7. Il lui montra de quelle manière le public, enlevé au troisième ciel de la rengaine et hypnotisé par les mots de « diction », de « syntaxe phonétique », d'« intonations émotionnelles », etc., comme par des bouchons de carafe, croit sincèrement entendre du Racine que les acteurs, encore plus sincères, croient lui débiter. Bloy, La Femme pauvre,1897, p. 119.
B.− Dans la lang. cour. [Ciel opposé à terre ou à mer en tant qu'éléments physiques]
1. Partie de l'espace visible d'un point quelconque de la terre et formant au-dessus de nos têtes une sorte de voûte circonscrite par l'horizon. La voûte du ciel, des cieux :
8. Des millions d'étoiles rayonnant dans le sombre azur du dôme céleste! La lune au milieu du firmament! Une mer sans rivage! L'infini dans le ciel et sur les flots!... Chateaubriand, Génie du Christianisme,t. 1, 1803, p. 213.
9. ... ce n'est plus le ciel fermé, ce ciel calme et lent à se faire, c'est le grand ciel des vents de mer. C'est le ciel ouvert sur la plaine brusque, changeant, tout entier envahi, en un instant, par les nuages; ... Ramuz, Aimé Pache, peintre vaudois,1911, p. 109.
Loc. et expr.
a) Domaine concr.
En plein ciel. Dans l'espace. Elle [la mansarde] captait en plein ciel un mince rectangle de jour pur (Malègue, Augustin,t. 1, 1933, p. 253).
Entre ciel et terre. En l'air :
10. Tout était devenu si opaque, si noir et d'un tel silence que je n'étais plus attaché au monde. Je ne tenais en l'air que par deux cordes invisibles, tendues je ne savais plus où, et qui me suspendaient non pas entre ciel et terre mais au-dessus d'un élément immatériel issu de ces ténèbres inconnaissables. Bosco, Le Mas Théotime,1945, p. 189.

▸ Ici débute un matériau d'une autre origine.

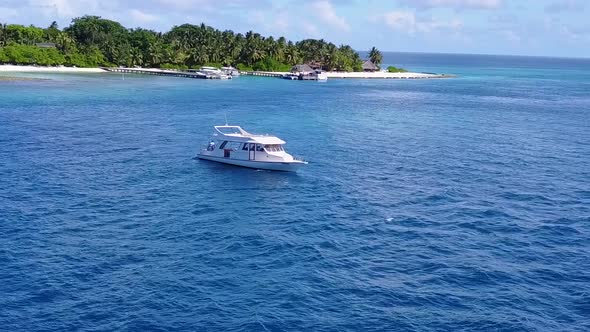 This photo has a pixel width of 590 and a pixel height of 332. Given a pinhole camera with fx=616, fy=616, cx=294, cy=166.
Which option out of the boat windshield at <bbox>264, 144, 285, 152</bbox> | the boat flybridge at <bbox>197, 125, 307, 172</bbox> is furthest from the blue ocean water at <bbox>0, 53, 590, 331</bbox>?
the boat windshield at <bbox>264, 144, 285, 152</bbox>

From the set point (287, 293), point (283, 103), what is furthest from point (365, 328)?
point (283, 103)

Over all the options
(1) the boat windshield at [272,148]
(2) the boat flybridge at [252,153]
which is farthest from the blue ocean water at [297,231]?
(1) the boat windshield at [272,148]

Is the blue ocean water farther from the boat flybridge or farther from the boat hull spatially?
the boat flybridge

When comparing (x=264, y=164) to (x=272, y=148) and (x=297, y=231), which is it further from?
(x=297, y=231)

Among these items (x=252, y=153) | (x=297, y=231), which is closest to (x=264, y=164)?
(x=252, y=153)

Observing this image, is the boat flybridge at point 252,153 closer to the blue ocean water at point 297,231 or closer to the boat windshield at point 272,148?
the boat windshield at point 272,148

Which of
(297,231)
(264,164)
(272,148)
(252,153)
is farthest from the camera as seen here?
(252,153) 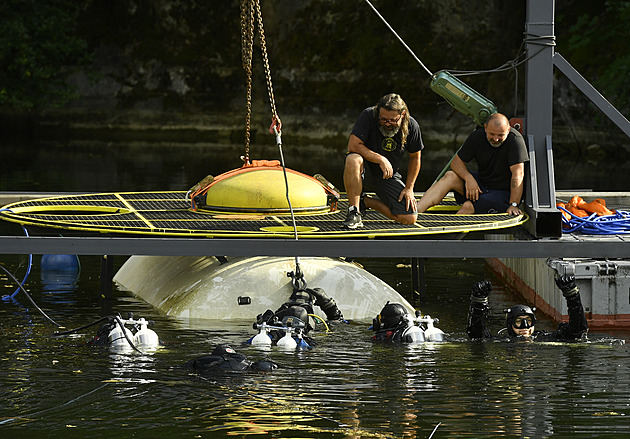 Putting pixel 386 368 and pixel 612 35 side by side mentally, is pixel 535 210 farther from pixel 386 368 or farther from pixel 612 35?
pixel 612 35

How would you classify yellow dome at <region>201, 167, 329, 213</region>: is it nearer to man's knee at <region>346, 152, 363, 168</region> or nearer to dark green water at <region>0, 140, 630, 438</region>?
man's knee at <region>346, 152, 363, 168</region>

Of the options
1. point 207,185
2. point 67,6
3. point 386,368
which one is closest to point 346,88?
point 67,6

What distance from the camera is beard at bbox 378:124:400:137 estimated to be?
39.3 feet

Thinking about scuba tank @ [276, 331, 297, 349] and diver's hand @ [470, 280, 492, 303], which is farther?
Result: scuba tank @ [276, 331, 297, 349]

Sous le ciel, sous les cieux. Ici-bas, sur terre. (...), as-tu pu croire Que je préférais, sous les cieux, L'effrayant rayon de ta gloire (Hugo, Les Contemplations,t. 2, 1856, p. 351).
Lever les bras, les mains, les yeux au ciel. Elle lève au ciel des yeux blancs, secoue la tête (Colette, Claudine à l'école,1900, p. 158).
b) Au fig.
Élever qqn (jusqu') au ciel. L'admirer extrêmement, le couvrir d'éloges ou l'exalter.
Remuer ciel et terre. Déployer une activité considérable, faire tous ses efforts pour le succès d'une entreprise. Il a fallu remuer ciel et terre pour qu'on révise les règlements (R. Martin du Gard, Les Thibault,Épilogue, 1940, p. 894).
Tomber du ciel. [Le suj. désigne une chose ou plus rarement un animé] Arriver à l'improviste et, généralement, fort à propos. Les joies les moins attendues, celles qui nous semblent comme tombées du ciel (Bernanos, Un Crime,1935, p. 862).P. ext. [Le suj. désigne une pers.] Être stupéfait. Synon. tomber de la lune, des nues.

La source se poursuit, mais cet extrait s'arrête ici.